We can't go back, can we? So springing forward would seem to be our only choice, and since that vernal equinox a few weeks ago signaled the official end of the winter that wasn't, I'd better get springing. The Thousand Excuses have played me well. I've added a page to a short that I will finish, even if I continue to dislike it. It's one of those "seemed like a good idea at the time" stories, based on a real incident in a short newspaper article from a couple winters ago. I guess the challenge to me is to find the angle that will make it feel like a good idea again. I'll explain.
During a very cold and snowy winter, one day an old couple was found outside, in their back yard, dead on the ground in each other's arms. It appeared, best they could tell, that the woman had slid on ice and fallen, and her husband, in an attempt to lift her and carry her in, had suffered a fatal heart attack. Did she freeze to death in his arms? Was she already unconscious, or did she lie there terrified, unable to move as her husband died inches in front of her? What prompted her to go out into the cold in the first place?
Now that story could be written as the sweet but tragic romance that a certain very successful author specializes in, the old lovers dying in each other's arms. But being as I tend to lean more toward the macabre, or at least the darker side, possibly with a bit of twisted humor, I tend to think there might have well been something more there than those romantically inclined discoverers saw in the clutch of the wizened lovers. Or were they still lovers at all?
It isn't as though I've hit a block. I just go to it, write a bit, and find myself not grabbed by it yet. Lazy writing, of course, is the culprit. I could just plow through the obvious story, finish it, and put it someplace where ants would devour the syrup. Something, though, in my twisted mind won't let me do that. So I pause, think of the devious turns, the little niggling annoyances that might have added up to a moment of something diabolical. Yes! But what, exactly? I'll think about on the drive home, in the shower, in the garden, tomorrow at Tara.
A couple of blog posts this past week have discussed writer's block and what it is--or isn't. I'm in agreement that it isn't. Chuck Wendig is most emphatic that it is a lie (#4 of 25) writers tell themselves. Banish it! Rachel Lewis has never succumbed to it, although she's slogged through the occasional writer's mud, and haven't we all? As every writer knows, some days are easy, the words soar, characters surprise, and we end a session at the computer almost buzzed. Other days are like, well, knowing there's a way out of the forest, the mud, over the wall, but we don't see it, so we pull one. word. at. a. time. until our wheels are back on solid ground and we're rolling again.
I'd like to say that I do that on a daily basis, but I'll admit to just staring at the wall, or the bog, for days on end.

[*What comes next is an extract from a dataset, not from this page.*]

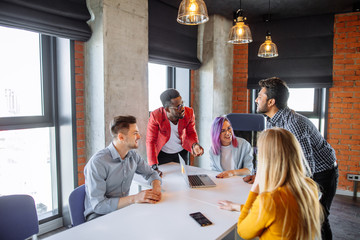 Multiracial creative young designers having a business discussion at modern office meeting room. Corporate Concept. - Powered by Adobe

Not that I'm doing nothing. Always thinking about it. Always churning the cream looking for the butter to solidify. But I don't see that as being blocked. Lazy, sometimes, self-indulgent, sometimes, and sometimes just allowing for space to let the good stuff surface. I've reached a place where so many characters needed to come together from where I'd placed them in their various perils that I felt I had set loose I group of unruly schoolchildren. I knew where I wanted them, but getting them there in a natural, logical way eluded me. I wasn't blocked, just challenged. Sometimes weeks went by, I'd push out pages and scrap them all.
The thing was, is, that I never felt I was blocked. maybe I'd hit a wall, but a wall can be got around, or over, or dug under. It may take time. It definitely takes, no, requires perseverance. If we don't acknowledge that, if we beat ourselves up because it isn't easy, or give up and blame it on writer's block, we just aren't doing our jobs. Sometimes the walls are many, almost as though a maze has been thrown up around us. There's that story to finish, going back to querying that novel, or deciding to shelve it and move on, or not to shelve it but still move on, and, oh yeah, establish a presence on the various social media, and, and, and...
The cortisol soars instead of words. So many walls, so little time. I know, I'll go pull some weeds, plant some perennials, take a walk, have a drink. But then it's back at the keyboard or yellow legal pad. One wall at a time.
I do wonder how that old couple will have ended up dead in each other's arms in the snow and ice. I'll know soon, and I'll share it. Somehow, I think it wasn't as pretty as it looked. I just need to work my way around that little wall . . . around the block.
What's your way around the walls, around the block (which, of course, doesn't really exists, does it?)